O presidente da República Jair Bolsonaro está preso. Não é premonição. É uma situação simbólica que atinge todos: estamos sempre aprisionados, em certa medida, por nossas mazelas e virtudes.
O atual chefe do Executivo nacional cultivou, ao longo de sua vida pública, amizades perigosas. O mais notório dos parceiros íntimos é o indigitado Fabrício Queiroz. O policial militar reconhece, em linguajar grosseiro, que está ameaçadíssimo por investigações de negócios espúrios.
Os valores que Queiroz explicitou são claros – e obscuros: mandatos parlamentares como “boquinha” para amigos, espionagem de inimigos, blindagem de próximos contra apurações. Espírito e prática miliciana. Poder e dinheiro. Impossível não enxergar aí a cosmovisão dos Bolsonaro, tamanha a força que esse senhor tinha na vida pública da família hoje no vértice da hierarquia da República.
Bolsonaro, que se construiu como antissistema sendo visceralmente dele, saudoso das capitanias hereditárias e do AI-5, com sua “filhocracia”, é prisioneiro do que o fez crescer em popularidade: a palavra irrefletida, a raiva incontida, a destruição do adversário diuturnamente pregada.
Retrógrado, ressuscita a Guerra Fria e vê em todos os que o criticam o “comunismo solerte”, na linguagem dos chefes militares do regime autoritário que tanto admira – como a tortura, implementada como política de Estado naqueles ásperos tempos.
“Leão”, se vê cercado por “hienas”, que vão de entidades religiosas, como a CNBB, a ONGs e ao STF. Com voracidade de predador faminto, promete destruir, qual biomas a serem explorados, quem denuncie suas escolhas e sua visão tosca de mundo. Quando alguma mensagem o desagrada, ameaça eliminar o mensageiro.
Bolsonaro é prisioneiro de sua base extremada, que não chega a um terço da população brasileira. Servidão voluntária: só fica à vontade quando fala para ela. Os “bolsocrentes” o estimulam a seguir nessa marcha insensata, patrimonialista, autocentrada e antirrepublicana.
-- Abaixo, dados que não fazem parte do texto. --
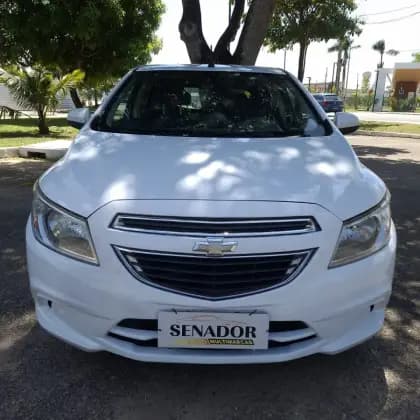 Carro 1.0 MPFI LT 8V FLEX 4P MANUAL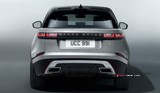 2017 Land Rover Velar Range Rover Velar 2.0 TD4 240 BG Otomatik HSE (4x4) galeri küçük görseli 9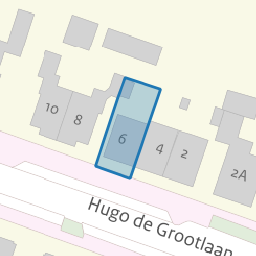 Perceel HSD01-B-4993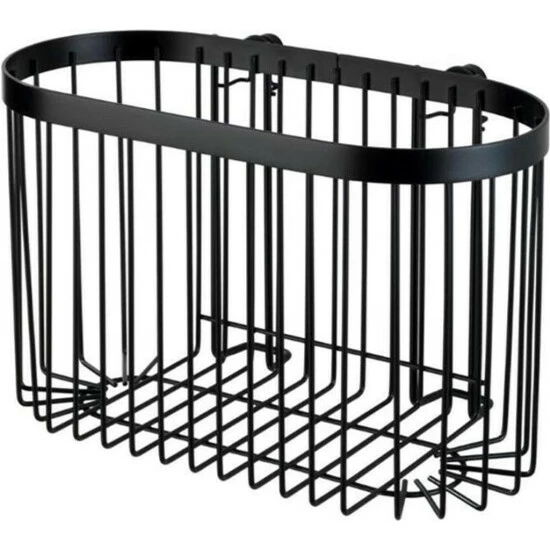 Wenko Wandablage Groß Classic Plus Black 15 Wenko Wandablage Groß Classic Plus Black – Bild 13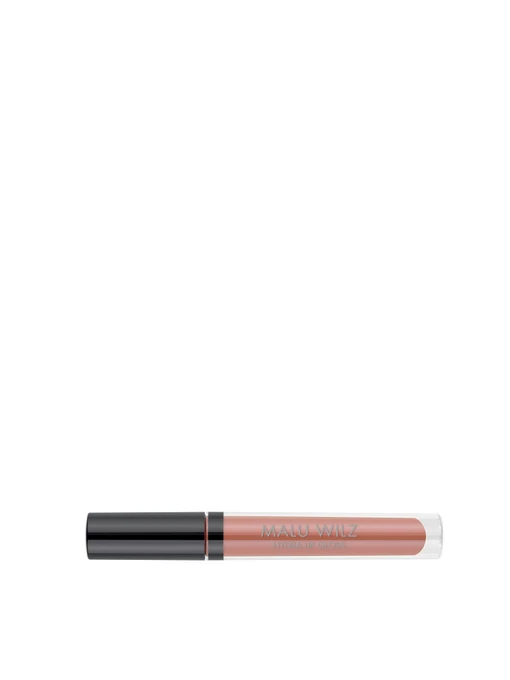 Увлажняющий блеск для губ Hydra Lip Gloss Malu Wilz модель MW427.04 Фото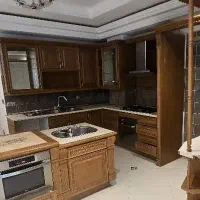 الهیه ۱۳۰ متر جنوبی با دیدباغ،|فروش آپارتمان|تهران, الهیه|دیوار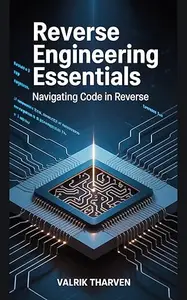 Reverse Engineering Essentials: Navigating Code in Reverse
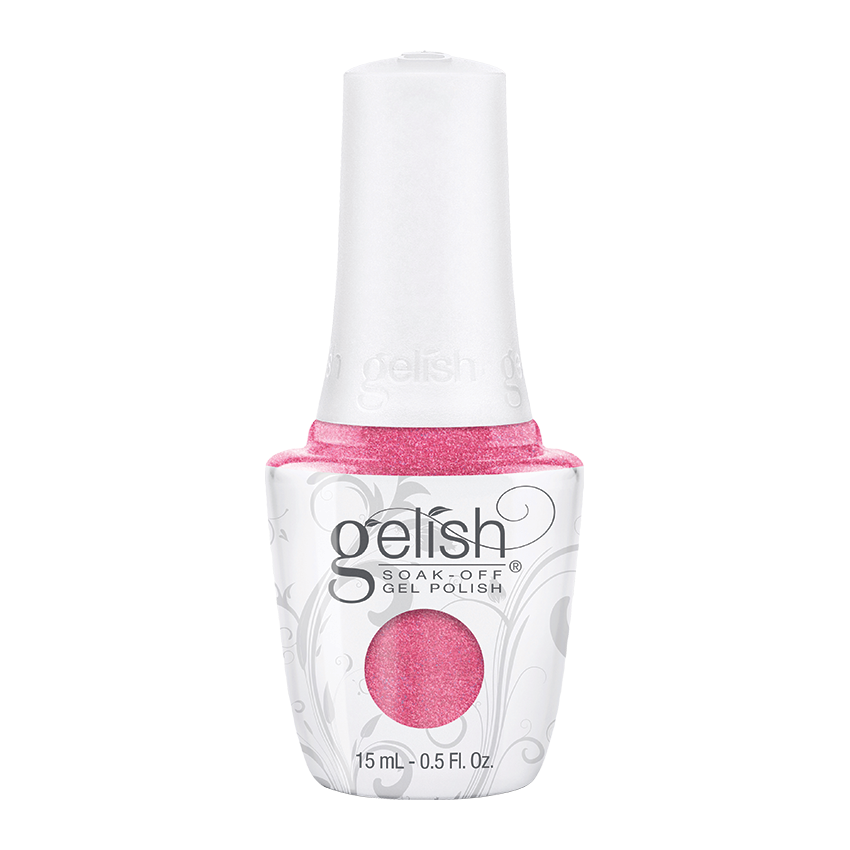 Gelish Soak-Off Gel Polish Tutti Frutti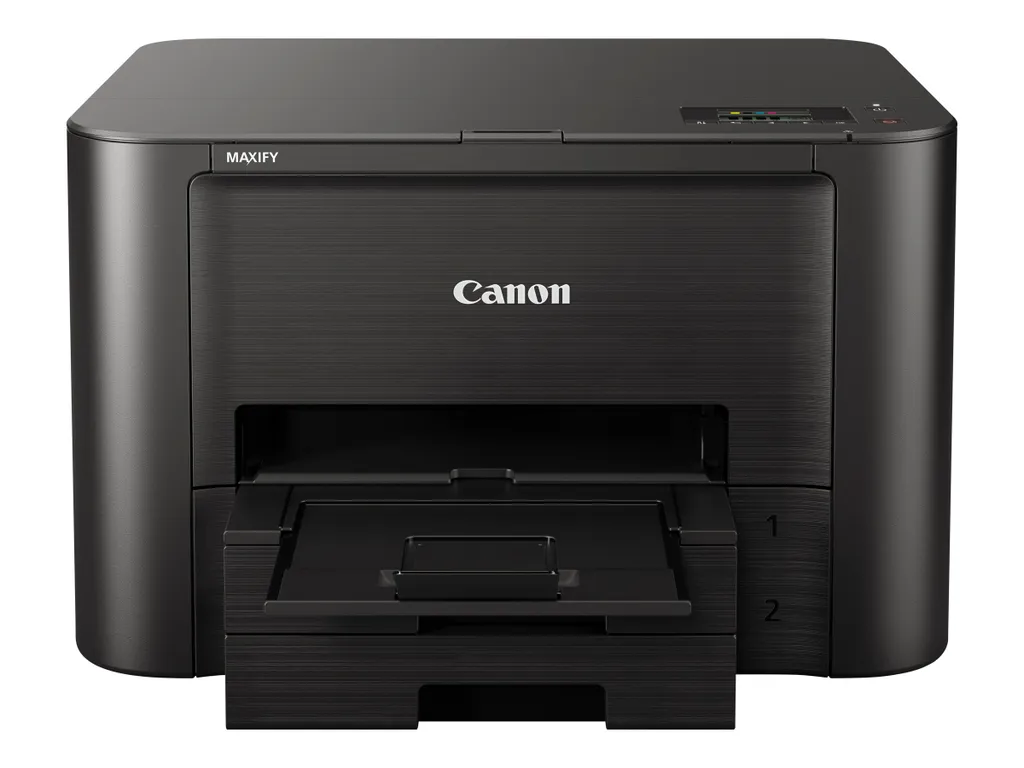 Canon MAXIFY iB4150 Solution d'Impression pour TPE et Télétravail A4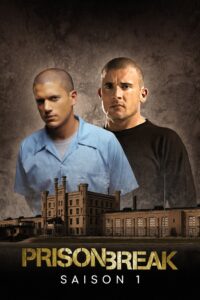 Prison Break: Season 1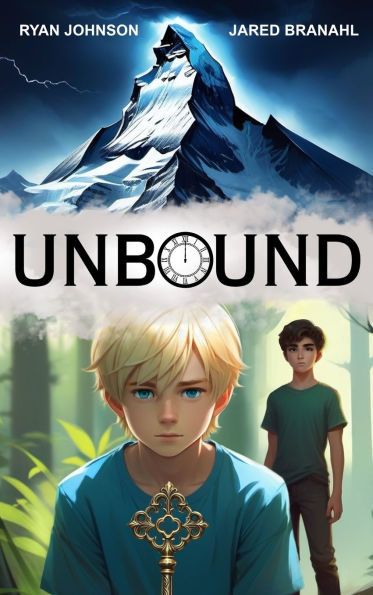Unbound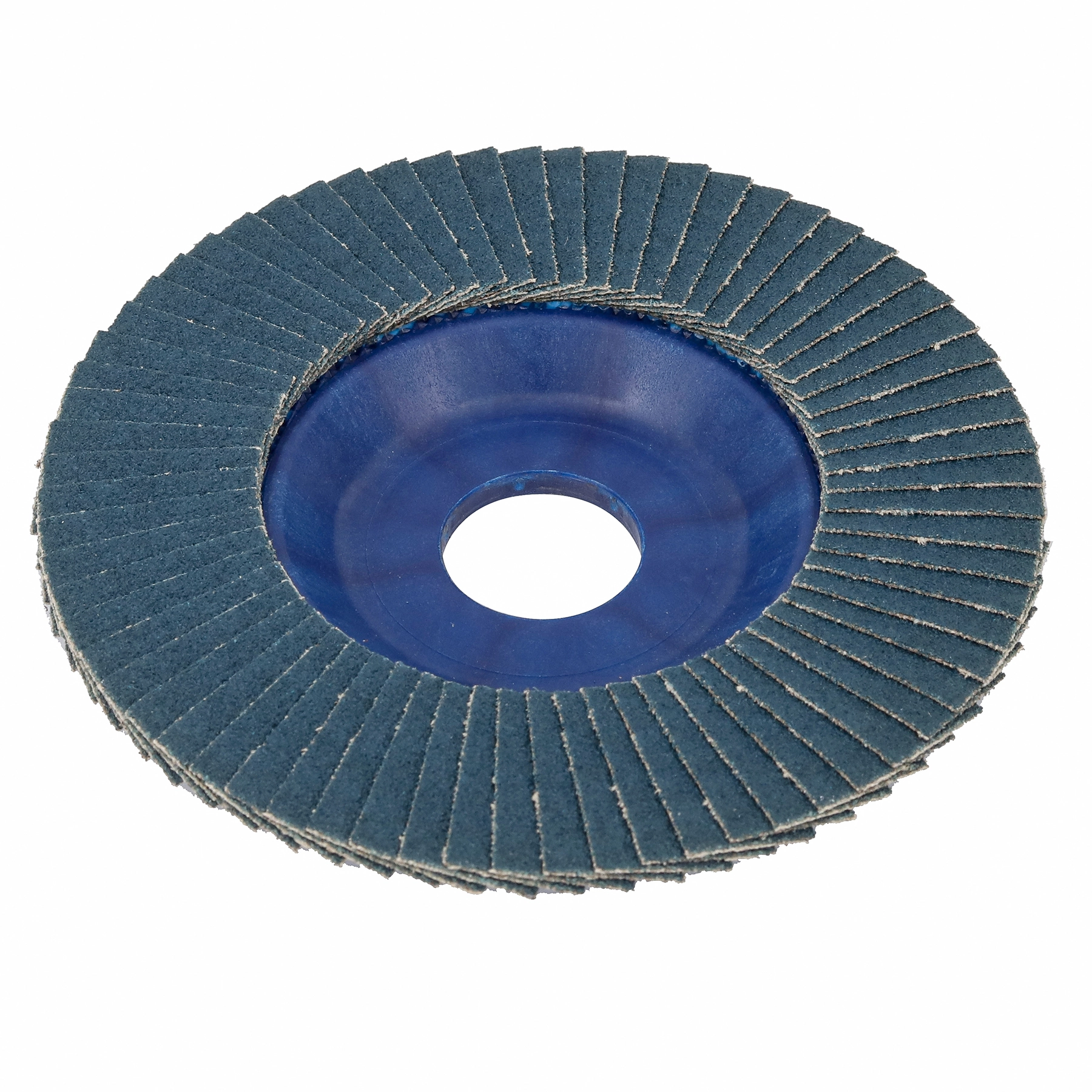 Disco Flap Blu.80 115mm 2608619022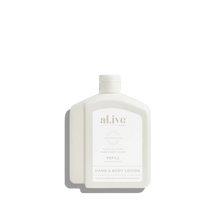 Lotion Refill Bottle - Mango & Lychee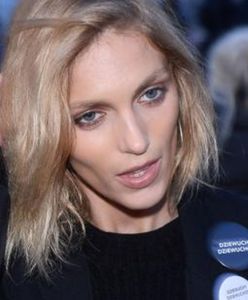 Anja Rubik przeprasza za swoje słowa o molestowaniu: "Nie zdawałam sobie sprawy z wagi moich słów"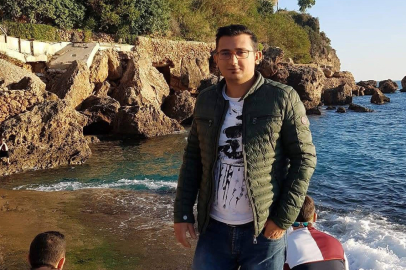 Antalya'da 34 yaşındaki genç evinde ölü bulundu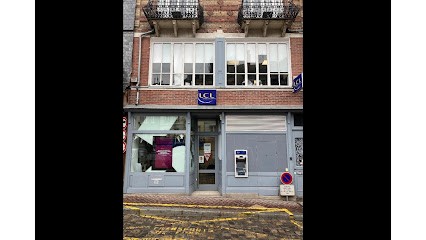LCL Banque Et Assurance, Banque à Honfleur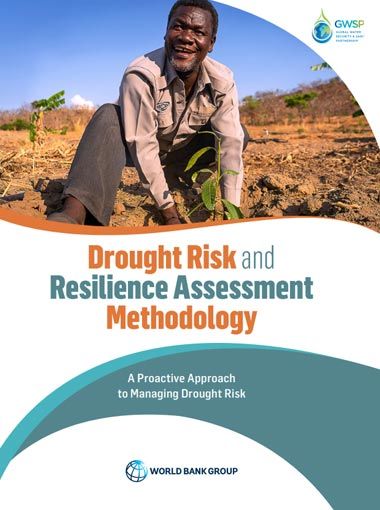 Drought Risk and Resilience Assessment Methodology
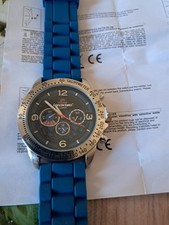 ATLAS HERREN HANDGELENK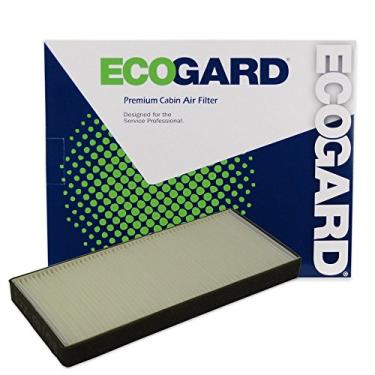 Imagem de ECOGARD XC15389 Premium Cabin Air Filter Fits Ford Windstar 1999-2003, Freestar 2004-2007 | Mercury Monterey 2004-2007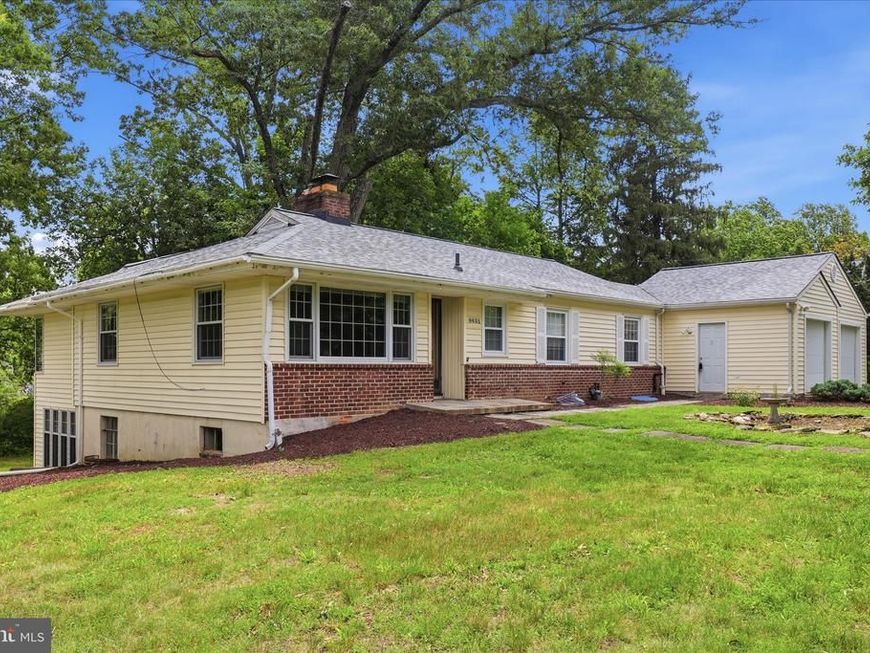 9631 Hawick Lane , Kensington, MD 20895 Main Photo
Bolsonaro é um líder tão algemado pelo êxito do seu “espontaneísmo” que se desgasta até com setores dominantes, adeptos dos aspectos ultraliberais do modelo econômico que aprofunda.
Na outra ponta da polarização política está Lula – que ficou efetivamente preso desde abril do ano passado. Lula está em liberdade, por erros processuais e por direito, após um trâmite judicial seletivo e de rara celeridade, para evitar sua candidatura à presidência.
Representante de um outro padrão de política, Lula seguirá prisioneiro de seu extraordinário carisma. Tomara que combata o senso comum que “acredita em pessoas, não em partidos”. À parte a riqueza de sua trajetória e a capacidade de comunicação que fez dele o maior líder popular da história do país, isso encerra riscos: tornar-se uma espécie de “oráculo”, portador único do caminho a ser percorrido. Lula locuta, causa finita. Faria bem a volta daquele Lula aberto à autocrítica, que rejeitava o “lulismo” e se reconhecia como “fruto da consciência política da classe trabalhadora”. Aliás, foram seus “novos amigos” grandes empreiteiros os primeiros a denunciá-lo…
Em perspectiva de futuro, não é adequada para nenhuma sociedade a disputa personalizada, em torno de nomes, ainda que eles simbolizem ideias e sistemas de valores antagônicos. Isso só agravaria a tendência contemporânea do individualismo, das “bolhas” egoístas de proteção e indiferença, negadoras da sociabilidade e da política. Polarização é natural na política, desde que nutrida pela disputa de projetos.
O melhor caminho na senda republicana e democrática é o fortalecimento de processos coletivos, implementados por movimentos e partidos, por mais que estes andem enfraquecidos e desgastados. Será sempre pior a “egolatria”, a personificação do embate entre projetos em “mitos” falíveis e finitos.
Há caminhos, há saídas. Mas só sujeitos coletivos poderão trilhá-lo, rumo à sociedade igualitária, fraterna e republicana.